The name of the base system (platform): | Artificial intelligence (AI, Artificial intelligence, AI) |
Developers: | Centre |
Branches: | Oil industry |
Technology: | Video Analytics Systems |
Main article:
- Video analytics (terms, applications, technologies)
- Computer vision (machine vision)
- Pattern recognition
2022: AI-LiquidOil Announcement
On June 27, 2022, the Center company announced the development of the AI-LiquidOil solution, which automatically processes video images to detect a spill on the earth's surface and leak of liquid in production using artificial intelligence.
According to the company, the original video/photo data can be obtained from satellites, unmanned aerial vehicles, stationary cameras. Accuracy is ensured by the use of artificial intelligence technologies and can reach 98%. The software product is cross-platform, can be installed on a physical and virtual computer has the ability to work with various sources, data optimization of calculations can be provided by using graphics cards with CUDA support. To determine the exact signs of spills, different data are used:
- video images of industrial facilities;
- synthesized data obtained from processing the provided data by changing viewing angle, rotation, cropping, changing image proportions;
- data obtained by rendering an image of the created 3d model.

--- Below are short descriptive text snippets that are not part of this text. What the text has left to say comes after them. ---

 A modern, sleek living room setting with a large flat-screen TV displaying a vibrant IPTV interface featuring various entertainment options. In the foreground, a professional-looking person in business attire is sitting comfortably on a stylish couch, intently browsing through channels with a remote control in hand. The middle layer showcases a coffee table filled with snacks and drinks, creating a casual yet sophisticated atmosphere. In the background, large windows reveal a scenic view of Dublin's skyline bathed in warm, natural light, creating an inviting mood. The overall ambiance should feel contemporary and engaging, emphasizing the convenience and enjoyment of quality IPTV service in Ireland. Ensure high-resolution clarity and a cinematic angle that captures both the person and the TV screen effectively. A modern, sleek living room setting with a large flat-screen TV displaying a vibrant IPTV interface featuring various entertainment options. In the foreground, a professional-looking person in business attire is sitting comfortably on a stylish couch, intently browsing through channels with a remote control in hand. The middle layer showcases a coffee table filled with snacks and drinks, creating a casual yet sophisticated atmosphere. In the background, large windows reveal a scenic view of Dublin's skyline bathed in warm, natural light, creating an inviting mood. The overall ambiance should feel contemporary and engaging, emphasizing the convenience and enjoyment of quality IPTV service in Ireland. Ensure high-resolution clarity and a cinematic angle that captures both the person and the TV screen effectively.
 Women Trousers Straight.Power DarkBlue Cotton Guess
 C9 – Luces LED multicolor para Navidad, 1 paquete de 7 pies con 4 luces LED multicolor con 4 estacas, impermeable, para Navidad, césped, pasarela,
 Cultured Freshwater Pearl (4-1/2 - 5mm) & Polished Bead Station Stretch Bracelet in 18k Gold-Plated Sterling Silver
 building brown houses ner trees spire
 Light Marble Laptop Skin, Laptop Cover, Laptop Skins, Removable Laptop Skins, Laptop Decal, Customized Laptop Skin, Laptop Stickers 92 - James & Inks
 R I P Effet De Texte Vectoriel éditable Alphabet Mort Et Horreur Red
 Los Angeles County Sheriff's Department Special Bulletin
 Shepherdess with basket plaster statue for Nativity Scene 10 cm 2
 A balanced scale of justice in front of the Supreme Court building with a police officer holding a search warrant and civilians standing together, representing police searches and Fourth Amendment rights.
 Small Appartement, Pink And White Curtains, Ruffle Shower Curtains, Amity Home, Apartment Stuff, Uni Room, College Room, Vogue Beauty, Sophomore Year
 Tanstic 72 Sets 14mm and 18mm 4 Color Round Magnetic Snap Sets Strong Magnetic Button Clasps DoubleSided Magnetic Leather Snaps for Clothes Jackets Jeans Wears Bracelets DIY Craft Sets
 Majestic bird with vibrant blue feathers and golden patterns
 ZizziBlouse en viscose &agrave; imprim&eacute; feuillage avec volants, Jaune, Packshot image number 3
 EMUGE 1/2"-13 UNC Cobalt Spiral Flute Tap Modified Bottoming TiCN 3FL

This approach helps to expand the input datasets to model the exact signs of spills. For different situations, "AI-LiquidOil" has three modes of use with different confidence levels:
- The basic mode is responsible for detecting possible liquid spills in the visible range with capturing the video image of the location, the time of detection and the data source;
- IR mode in addition to the basic mode, the analysis uses data from cameras with infrared illumination, which makes it possible to optimize the probability of recognizing the spill of liquids from cameras, for example, on a well or separation unit;
- The thermal mode in addition to the basic mode, the analysis uses data from a thermal imaging camera, which will optimize the probability of recognizing spills of oil-containing liquids and distinguish it from a puddle, wet asphalt.
To periodically check the correctness of the process described by the algorithm, the training data is interleaved. Neural network training was carried out on the basis of 200 video data files. The trained detection accuracy was 90%. The predicted accuracy of training on 10 thousand files is estimated at 98%.
To identify more accurate results, it was necessary to enable the system to accurately display the main signs of a spill. To do this, the volume (up to 2 thousand) and the quality of the training material were increased due to the application of transformations to the source data, the standardization of the training material was applied.
During work, most of the time is spent training a large stream of data. According to the asynchronousness of multithreaded computing, it is possible to optimize video processing or process several in parallel. If you are working with multiple instances within a single thread, only a sequential processing type is selected. This limitation is imposed by the architecture for working on a multithreaded system. Preference is given to parallelizing calculations for high processing speed. This approach reduces the processing time by Nx0.7 times, where N is the number of streams. This dependence is explained by the need to perform procedures that are not related to the calculations of the neural network.
Improve algorithms the normalization of heterogeneous (different format) input information to optimize the processing speed and quality of spill detection.
To optimize recognition accuracy:
- A rating system is being developed in which a specialized specialist will evaluate the results of the algorithm and make adjustments to train the system, watch controversial, implicit "spills" and make an additional assessment.
- The initial data collection database is increased due to satellite data and the amount of data from the Customers.
- An algorithm competition system is optimized to identify the most effective recognition algorithm method for different types of data.
To create artificial training data, digital 3D models of spills are created.
The system can be integrated with the enterprise IS, as well as operate locally and independently. The local-independent system uses a client application with a simple intuitive graphical interface. If the system is deployed on the server side, graphical and console interfaces can be used.
The main emphasis in the AI-LiquidOil solution is aimed at integration with the Customer's existing IC.